Besides, data being synthetic means anonymity is guaranteed as no personal or sensitive information is involved, hence making it the safest option from a privacy perspective; thus, companies can develop AI without any privacy law infringements or regulatory constraints. The faster development of AI combined with enhanced privacy provides fertile ground for the growth of innovation for firms in the technological sector.
Q. Explain the growing importance of Generative AI in business operations and customer personalisation.
In business operations, Generative AI helps automate tasks, optimize processes, and predict trends, leading to more efficient workflows and smarter decision-making. By analysing large volumes of data, it can quickly generate content and solutions, helping businesses stay agile and innovative. Reports suggest that AI-driven personalisation can boost customer engagement by up to 25%, enabling companies to offer more tailored products and services.

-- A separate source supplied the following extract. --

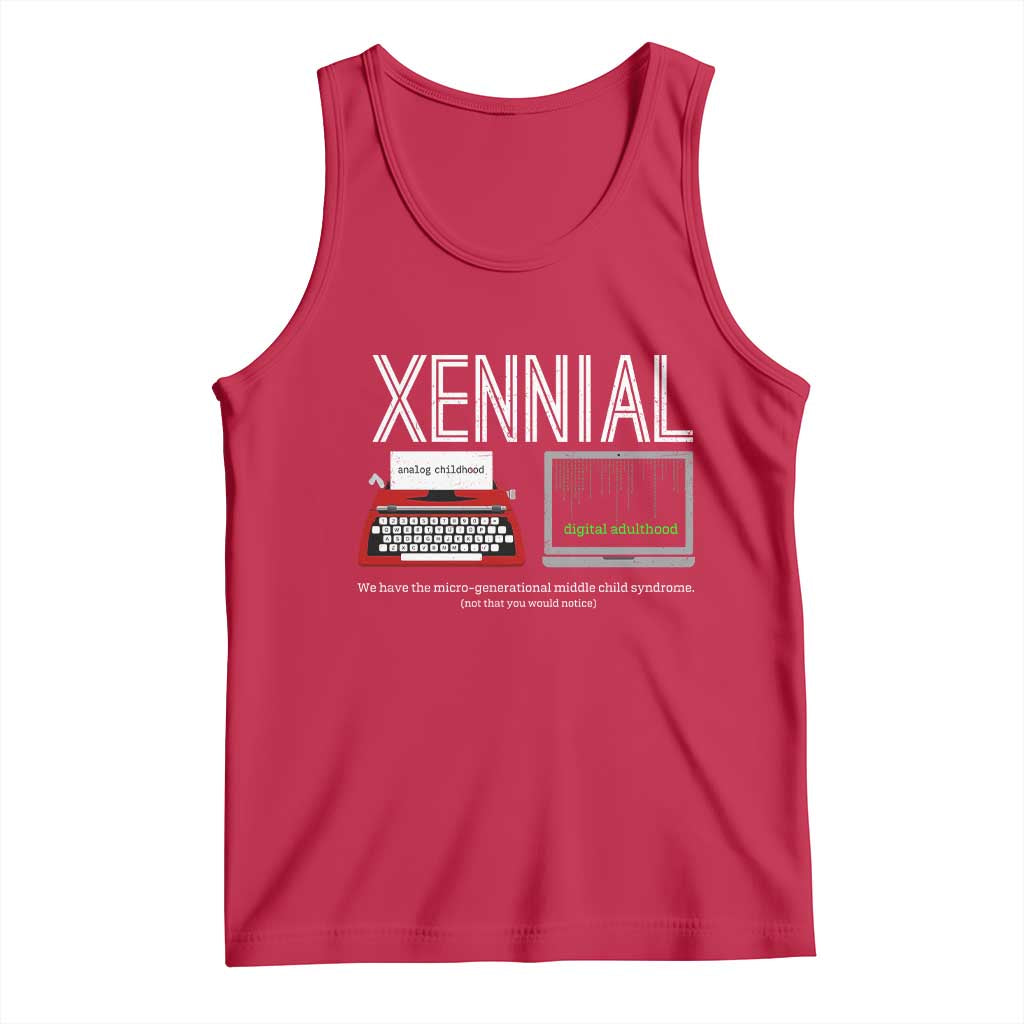 Xennial Typewriter and Computer Screen Tank Top Analog Childhood Digital Adulthood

In terms of customer personalisation, Generative AI excels by creating unique experiences based on individual preferences and behaviors. It can personalise everything from product recommendations to marketing messages, making interactions more relevant and meaningful. For example, Netflix uses sophisticated algorithms to recommend content tailored to the preferences of its 223 million subscribers, resulting in a staggering retention rate of 93%. This seamless integration of AI into customer interactions not only surprises and delights consumers but also fosters a deeper emotional connection, ultimately leading to brand loyalty.
Q. What are the strategies for fostering a collaborative, agile, and compliant data-driven environment?
Laying out a robust data governance strategy is a prerequisite for creating a collaborative, agile, and lawful data-driven environment, with access being permissible where data is protected or encrypted. The working structure of this would depend on cross-functional teams from various departments so that all their perspectives can be included. The standards established to judge the quality of data across the organisation are vital to ensure that data used from everywhere is secure and consistent.
Being agile means that you can change your processes if there is a need for it. You can adapt your own processes to suit your organisational needs and the changing demands of the law or other areas. Furthermore, organisations need to keep an eye on the regular auditing process and the constantly changing DPDP rules for the proper use of compliance and data protection while offering privacy by design in every data initiative.